Each line below must be set down exactly; omit any image you find.

[Data for processing Boundary: Start]

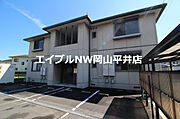 岡山駅よりバス25分 徒歩7分 1階 築23年4ヶ月の賃貸物件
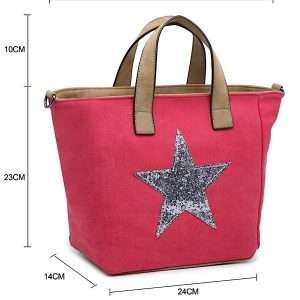 size of star bag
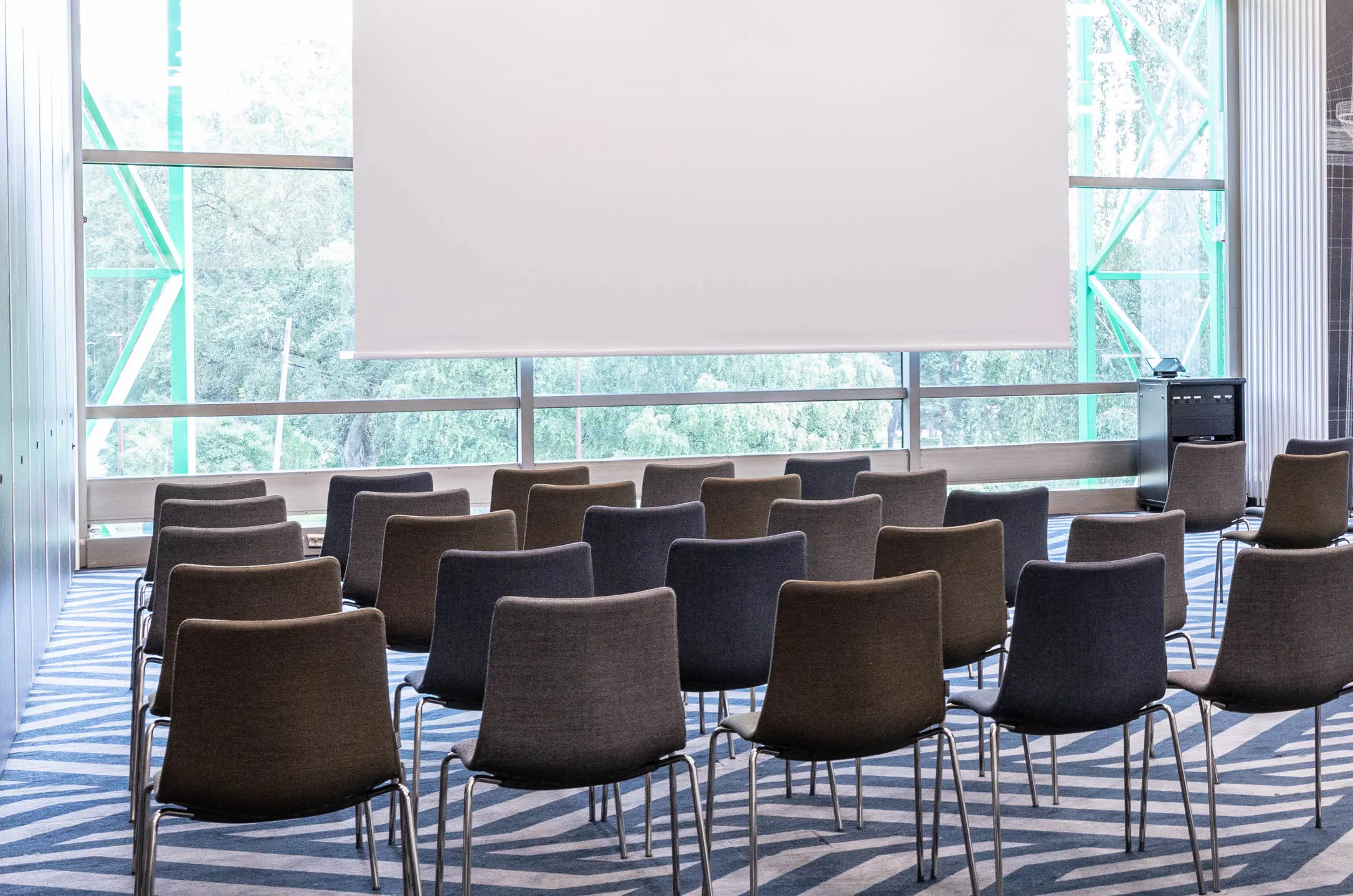 meeting room henrika theatre style at scandic rosendahl in tampere finland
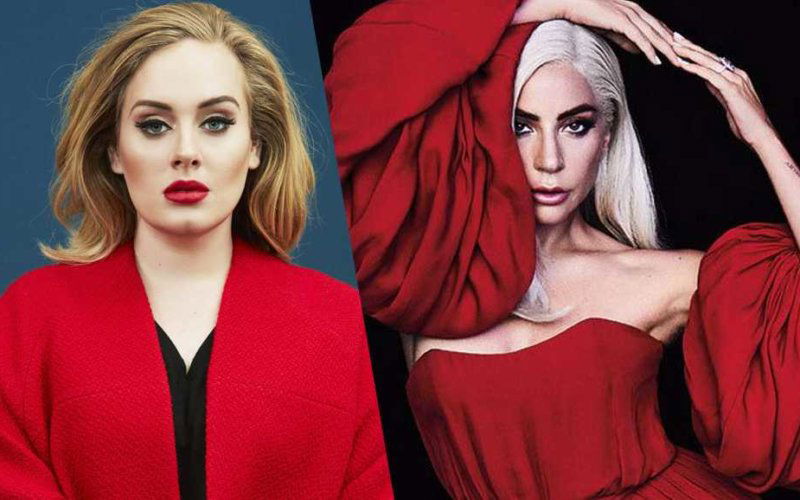 lady gaga adele record itunes
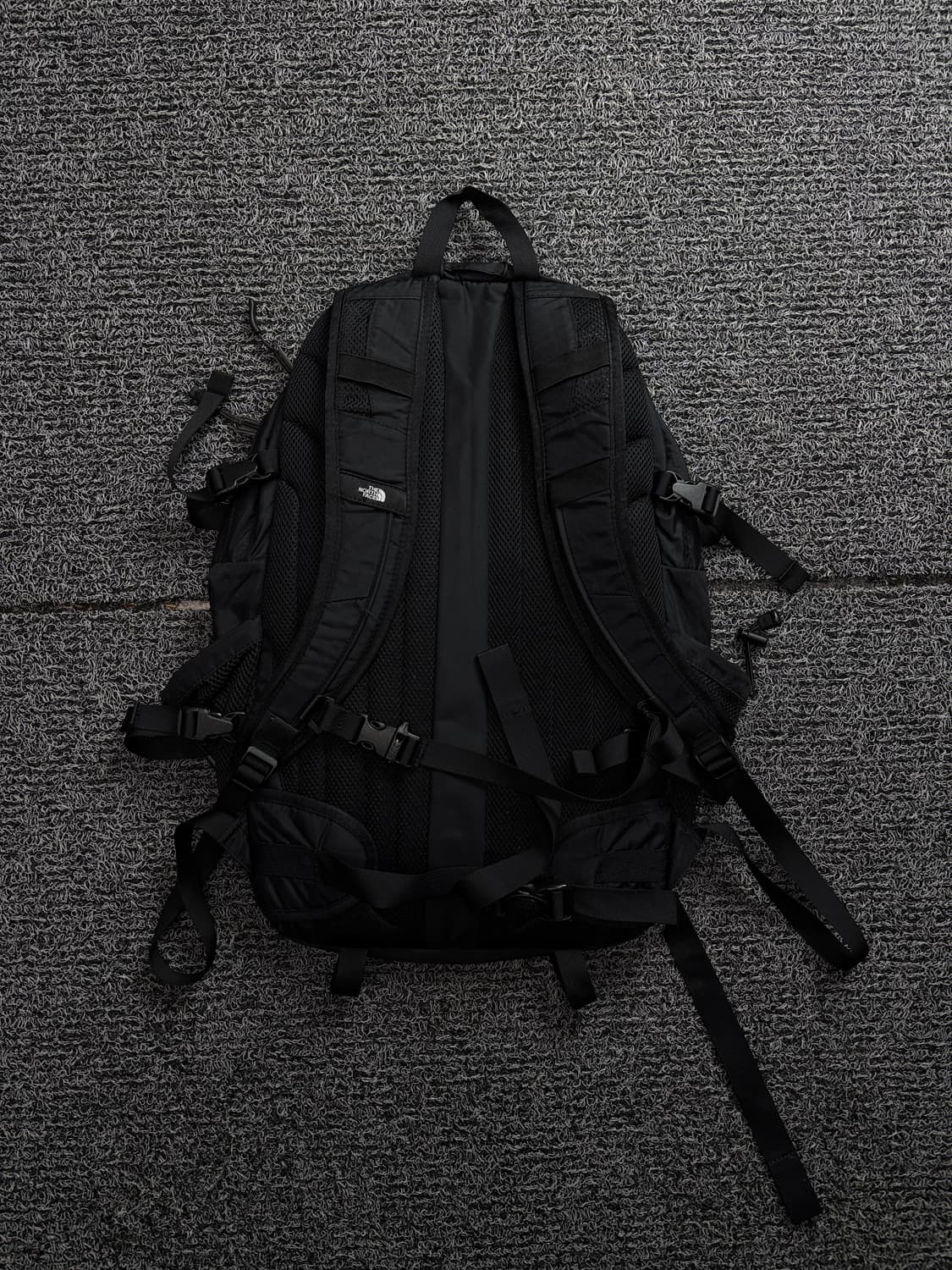 노스페이스 빅샷 테크웨어 백팩 블랙 1966 상품이미지3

[Data for processing Boundary: End]

* [Response to this task]:
 岡山駅よりバス25分 徒歩7分 1階 築23年4ヶ月の賃貸物件
 size of star bag
 meeting room henrika theatre style at scandic rosendahl in tampere finland
 lady gaga adele record itunes
 노스페이스 빅샷 테크웨어 백팩 블랙 1966 상품이미지3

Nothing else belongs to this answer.